Here’s why: a consumer’s digital experiences with a brand will influence their retail experience, and their purchase behavior. All the digital moments up to, during and after the in-store experience influence how consumers assess the value of your brand.
As ZMOT stated, just a year ago the average shopper used 5.3 sources to make an informed buying decision. Today, the average shopper uses 10.4 sources to make a buying decision – and roughly seven are digital.
So while having that arsenal of specialized agencies is important, it’s also clear that getting digital right is critical and more meaningful to your brand.
What are these seven digital points of contact?
Experience and history tell us that traditional marketing drives the sale. Television, radio, coupons in Sunday circulars, and point-of-purchase are traditional—and still effective—ways in which we learned how to capture an audience and influence their buying decisions at a store. Which is great if you’re living in an episode of “Mad Men.” But we’re not.
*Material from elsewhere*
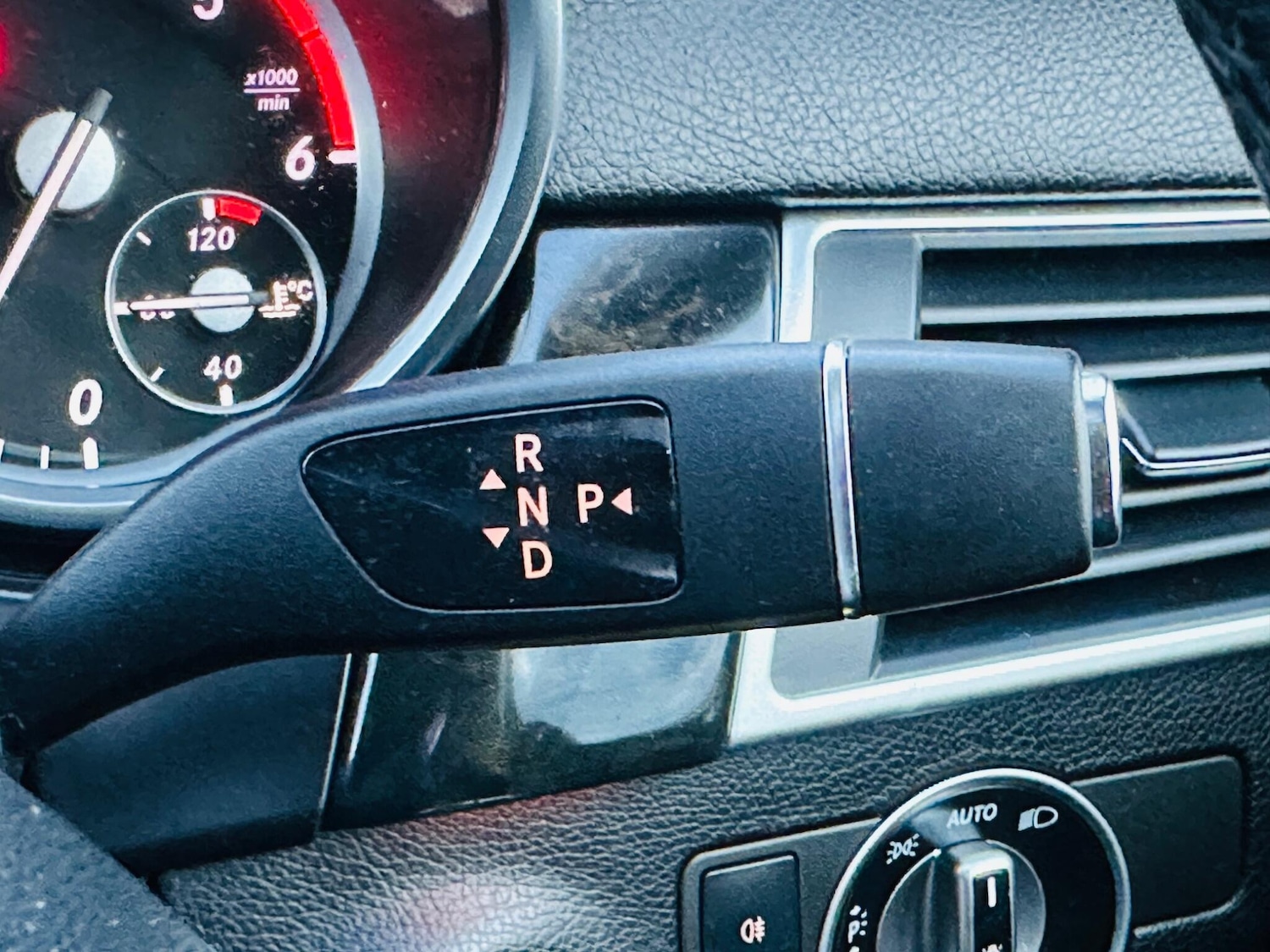 Used Mercedes-Benz GL Class 2014 for sale - 76990463: Photo 37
Let’s cut to a Saturday afternoon in the life of a 21 to 34 year old female, who is married and has one child.
Statistics show that she is computer proficient, savvy with her smart phone (who isn’t these days?) and spends about three hours a day online, searching for items that she’s interested in or looking up something that a friend just tweeted or Facedbooked her about.
OK, I just saw three possible digital zero moments of truths: web browsing, Twitter, Facebook.
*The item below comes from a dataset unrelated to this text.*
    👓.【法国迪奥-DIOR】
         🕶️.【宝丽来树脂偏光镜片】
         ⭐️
Her attention lasts for short moments. She might jot something about a product down on her phone, but then she moves on. Zero Moment of Truth? Many would say yes, and it ends there. But that’s not true.
She isn’t just sitting behind her computer at home or at her $36,000 job, she is on the move and her smart phone is pushing branded approved product coupons and incentives. After she steps out of the coffee shop where she got 50% off a well-deserved latte (thanks, Foursquare!), she tweets that her new favorite coffee shop is at 85th and Grand. She looks up as she passes a poster with a QR code promoting Walt Disney. She scans the code, which brings her to the Walt Disney website where enters a sweepstakes for an all-expenses-paid trip. At which point, she hurriedly remembers that she needs to hit the grocery store. She pulls up a shopping list app, and clicks on an ad for her favorite store that gives her free store pick, pack and hold services in exchange for a “like” on Facebook.
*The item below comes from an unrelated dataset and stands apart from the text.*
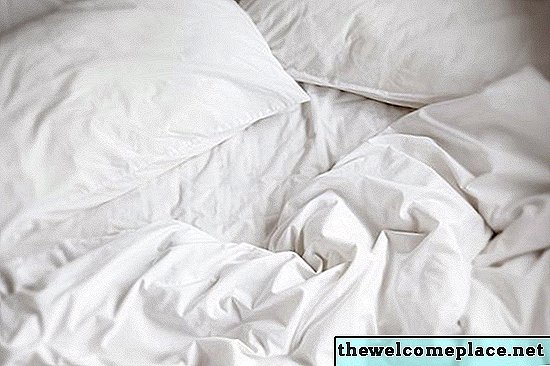 Comment garder les draps-housses sur un lit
There is a meandering, circular path to the Zero Moment of Truth, and it takes many “moments of truth” to become loyal to a brand. As you can see, digital is part of her everyday life and a major way that she connects with brands throughout her day. It’s not something that she needs to learn.
But we, as marketers, need to learn about her in order to insert digital interactions into those daily experiences appropriately and effectively. By understanding consumers’ paths (even as they meander and circle), we are able to strategically develop and execute the right digital experiences to drive them to specific purchases. With our example above, she didn’t even go into a store. The path to purchase stayed entirely within the digital space. Are you ready for that? Whether you’re ready or not, it’s here.
Digital is embedded in our daily lives. A one-stop agency shop can “do digital,” but not with the same results as a specialized digital agency. Something to consider if your “other” agencies are handling the digital aspects of your brand, or if digital is an afterthought within your strategy.